■ **Activity**
Each line of the data must be written out again verbatim; no image belongs in the copy.

■ **Supplied material**
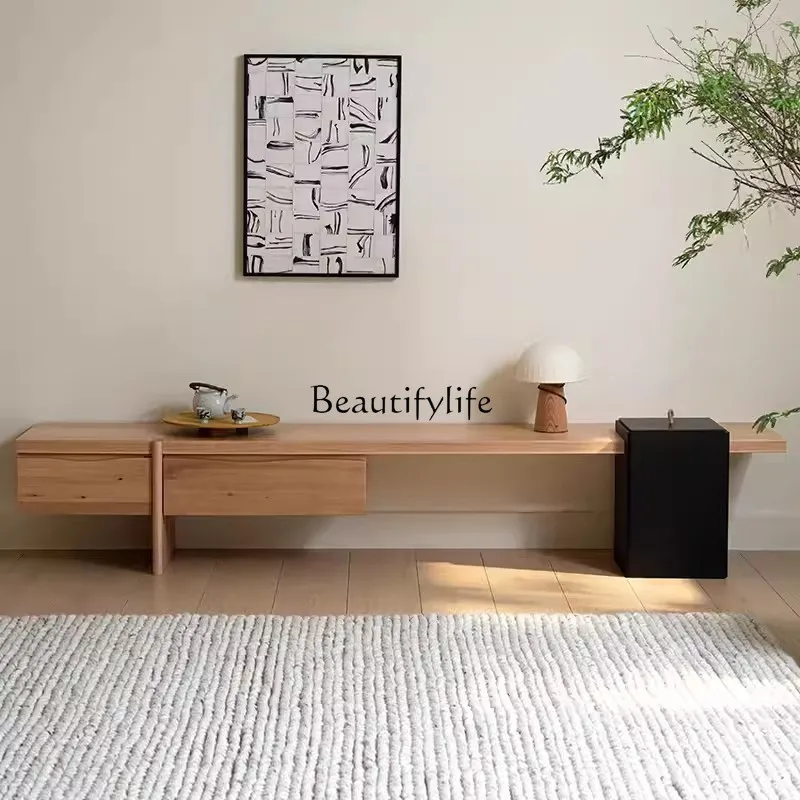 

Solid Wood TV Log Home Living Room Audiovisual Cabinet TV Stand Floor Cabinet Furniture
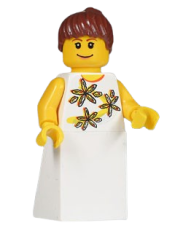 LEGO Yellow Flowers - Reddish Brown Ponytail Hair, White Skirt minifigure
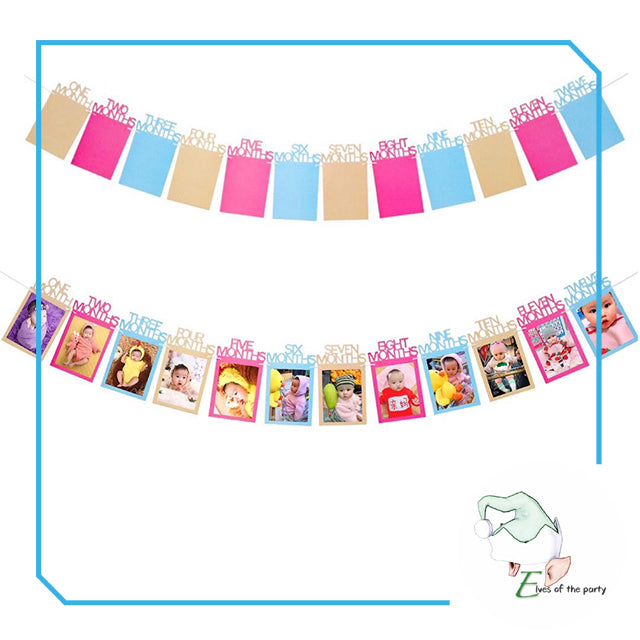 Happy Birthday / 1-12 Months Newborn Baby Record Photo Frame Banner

■ **Output**
Solid Wood TV Log Home Living Room Audiovisual Cabinet TV Stand Floor Cabinet Furniture
 LEGO Yellow Flowers - Reddish Brown Ponytail Hair, White Skirt minifigure
 Happy Birthday / 1-12 Months Newborn Baby Record Photo Frame Banner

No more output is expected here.